During his 14 years in power, the former soldier often denounced U.S. plots against him and his “revolution.” Critics dismissed those claims as a smokescreen to keep voters focused on a sense of “imperialist” threat.

Capriles, who kicked off the opposition’s bid to drum up support with big rallies in the provinces over the weekend, said Maduro would be to blame if anything happened to him.

The election campaign has had a particularly acrimonious start, with both sides accusing each other of dirty tricks and both candidates landing very personalized blows.

Capriles, a 40-year-old centrist state governor who cites Brazil as his economic model for Venezuela, accuses Maduro of being a poor imitation of Chavez and of using his boss’s death as a mawkish campaign tool.

“Nicolas, I know you’re watching me … Listen, I’m going to destroy you with votes. Here are the people!” he told a crowd in the western city of Merida. “You don’t have any people, kid, because they were followers of the president.”

UPHILL BATTLE

Capriles wants to focus on grassroots issues such a high crime rates, inflation and problems with public services and has called for a fair campaign with no abuses of power.

That, many analysts say, looks unlikely given the superior financial resources of Maduro’s camp and the dominance of state institutions by his supporters.

Fighting back against that impression, however, the government says Capriles is a well-funded puppet of both a venal local elite and greedy “imperialists” in the United States.

“Will Capriles accept the explicit backing of Washington?” Venezuela’s information minister asked on Twitter.
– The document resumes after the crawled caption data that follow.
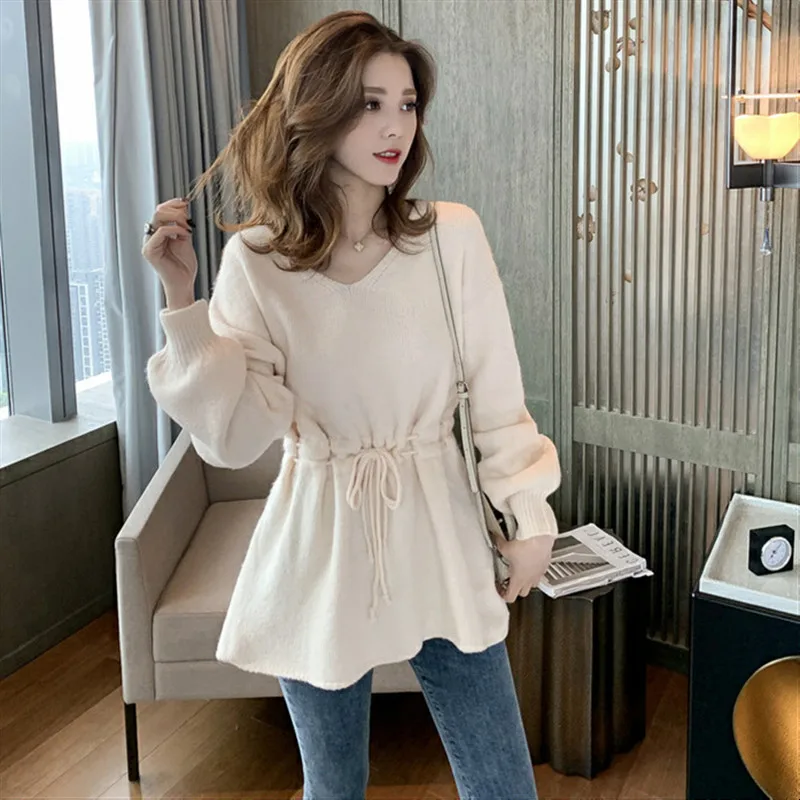 Autumn New Korean Style Lace up Waist Lantern Sleeve Knit Pullovers Female Sweater Loose and Slim Woman Sweater Fashion Top Tees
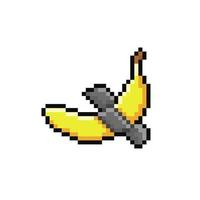 taped banana in pixel art style vector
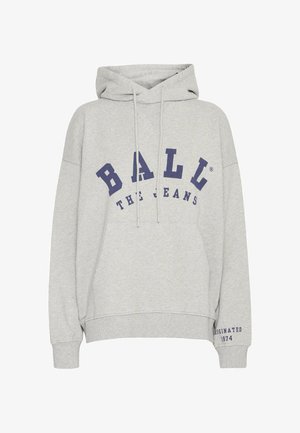 Szürke kapucnis pulóver, laza fazonban, amelyen kék nyomtatás található, felirattal: "BALL THE JEANS" és "ORIGINATED 1974" az ujjon.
The opposition candidate has conceded he faces an uphill battle, given the emotion around Chavez’s death and the boost that his personal blessing gave Maduro. Two recent opinion polls gave the acting president a lead of more than 10 percentage points. Both were conducted before Chavez’s death.

Maduro has sought to emulate the common touch that helped Chavez forge an emotional bond with many voters, but has struggled – beyond copying Chavez’s bombastic rhetoric against foes at home and abroad.
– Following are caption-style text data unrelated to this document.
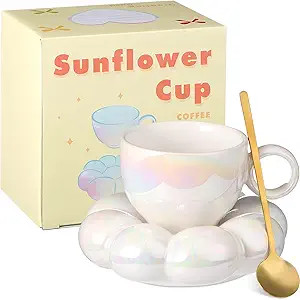 Ceramic Coffee Mug with Sunflower Coaster Coffee Spoons 7 oz Cute Mugs Creative Coffee Milk Tea M... | Amazon (US)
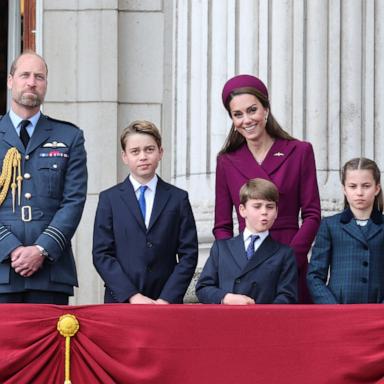PHOTO: Prince William, Prince George, Prince Louis, the Princess of Wales, and Princess Charlotte on the balcony of Buckingham Palace during events marking the 80th anniversary of VE Day, May 5, 2025, in London.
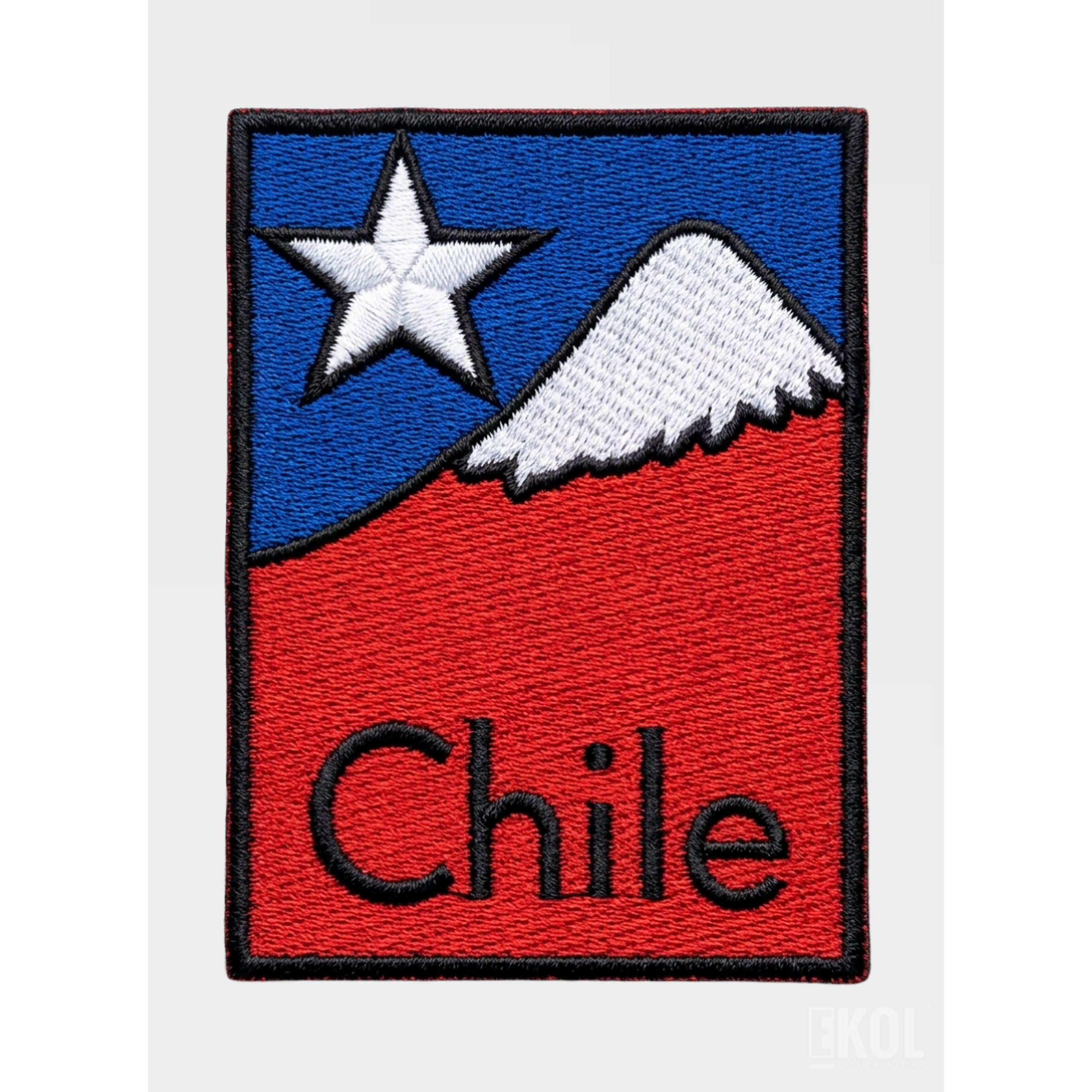 Parche Bordado Bandera de Chile y Cordillera | 8x6 cm Sin Velcro 2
In the interview, recorded at the military museum where Chavez’s body was carried in a funeral procession on Friday after 10 days of mourning, Maduro said he had cried more when Chavez died than when his own parents passed away.

As the interview ended, he shed a few more tears.

Also on Sunday, in another move that was reminiscent of the late president, he sent his first messages from his new official Twitter account, @NicolasMaduro.

“Here I am fulfilling the call of the Supreme Commander, assuming his commitment, which we will all complete together. Together we are all Chavez!”

The late leader’s @chavezcandanga Twitter account drew more than 4 million followers before his death – making it the second most-followed presidential account after Obama’s.

In the latest of many tributes to Chavez, state TV played highlights on Sunday of his quirky, hours-long “Alo Presidente” (“Hello President”) show, in which he used to meet voters, tell anecdotes, croon folk songs and bait his critics.

Maduro has said that if he wins the election he will revive the format, under the name “Bolivarian Dialogue.”

At stake in the election is not only the future of Chavez’s leftist revolution but also the continuation of Venezuelan oil subsidies and other aid crucial to the economies of leftist allies around Latin America, from Cuba to Bolivia.

Venezuela boasts the world’s largest oil reserves.